Now, this in no way decreases the quality and importance of EIA’s modeling.  In fact, it points to good modeling practices.  No one can predict the future.  The best we can do is evaluate what might happen given a different set of assumptions.  Early in the report, EIA writes that “EIA cannot attach probabilities to … individual policy cases” (p. ix).   That is, the fact that there is a “Basic Case” among the model runs does not mean that EIA thinks that it is the most likely to occur.  It is hard to overstate the importance of that statement.  Future changes in the energy landscape (deployment of renewables, new nuclear capacity, availability of offsets for carbon abatement, etc.) are uncertain.

There are a few ways to deal with uncertainty.  One is to roll the dice, or to insist that your crystal ball is better than the next guy’s and act accordingly.  Another is to hedge your bets and buy insurance.

EIA’s modeling shows that there is the potential for Waxman-Markey to significantly increase the demand for natural gas, but that this increase is uncertain.  How can we deal with this uncertainty?  We can gamble (a bold move considering what is at stake) or we can get insurance.  Perhaps renewable energy and energy efficiency will be able to significantly reduce our natural gas consumption.
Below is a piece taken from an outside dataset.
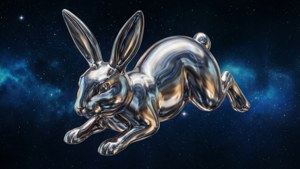 閃亮的金屬兔子跳過星光燦爛的太空，伴隨著發光的星雲。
Then again, perhaps not.   A policy of robust access to natural gas supplies provides the type of insurance we need in the event that alternatives do not pan out.

One more thing. You can support access to natural gas supplies even if you hope it that the supply is never extracted.  You are probably pretty confident in your driving, and you probably hope that you never have to report a claim.  But that does not mean you are going to forego car insurance.  Why should energy markets be any different?